I understand when you say the distance between these two points is 2.5 (given that point x is either of them: 3/2 -(-1) = 2.5).

But then you say that the distance covered is 2*2.5 given that x = -1.5, that’s when I take a tumble.

The next point that’s not clear is when you divide 5 by 3. Since we only have two points so shouldn’t an increase by 1 point account for 2 units not 3?

Thanks.

The basic logic of mod is that it signifies the distance of x from a point.

|x| = 10

means the distance of x from 0 is 10. So x can be 10 or -10 since the distance of both these points from 0 is 10.

2|x| = 10

means twice the distance of x from 0 is 10. So the distance of x from 0 is 5 and hence x can be 5 or -5.

|2x – 3| = 2|x – 3/2|

This is twice the distance of x from 3/2.

So when you have the question: |2x – 3| + |x + 1| = 10

you need to find a point such that the sum of twice its distance from 3/2 and its distance from -1 is 10.

When x = -1, the distance from 3/2 becomes 2.5 and twice the distance from 3/2 becomes 5. We need to move x further to the left because we want the total distance to be 10. There is a distance of another 5 to be covered. Now every time we move one unit, we are moving away from -1 so we will sum the distance from -1 and twice the distance from 3/2. Hence every step will be counted three times. So we move 5/3 steps so that when it is counted thrice, we get a total distance of 5.

Try to understand it with the help of a number line and by using a simpler question first e.g.

2|x – 3| + |x – 6| = 9

Karishma,

I thought i understood this part ” By how much will the distance increase? By 3 units! Because x will be 1 unit away from each of the 3 points”

in the first question but then you still applied it in the second question

ie ” 2x – 3| + |x + 1| = 10″

I thought the first question increased by 3 points since there were 3 parts of the question ,then now in the later it 1 step will equal 2 units since the question has two parts ie “2x – 3| + |x + 1”

Or what did you mean in the above statement?
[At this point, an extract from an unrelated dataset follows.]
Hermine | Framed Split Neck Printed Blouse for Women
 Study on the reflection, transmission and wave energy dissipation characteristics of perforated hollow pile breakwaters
Hey i finally understood this part.thanks

Hi Karishma,

What you said above for Question 2: |x – 3| – |x + 1| + |3x| = 10:

“If x = -1, total distance = 3*1 + 4 – 0 = 7

If x = 0, total distance = 3*0 + 3 – 1 = 2

If x = 3, total distance = 3*3 + 0 – 4 = 5

There must be a point to the left of -1 and one to the right of 3.”

How can you conclude that “there must be a point to the left of -1 and one to the right of 3?” What if, when x 3, the distance will also decrease? Don’t you have to visualize the distance based on the given equation to reach your conclusion?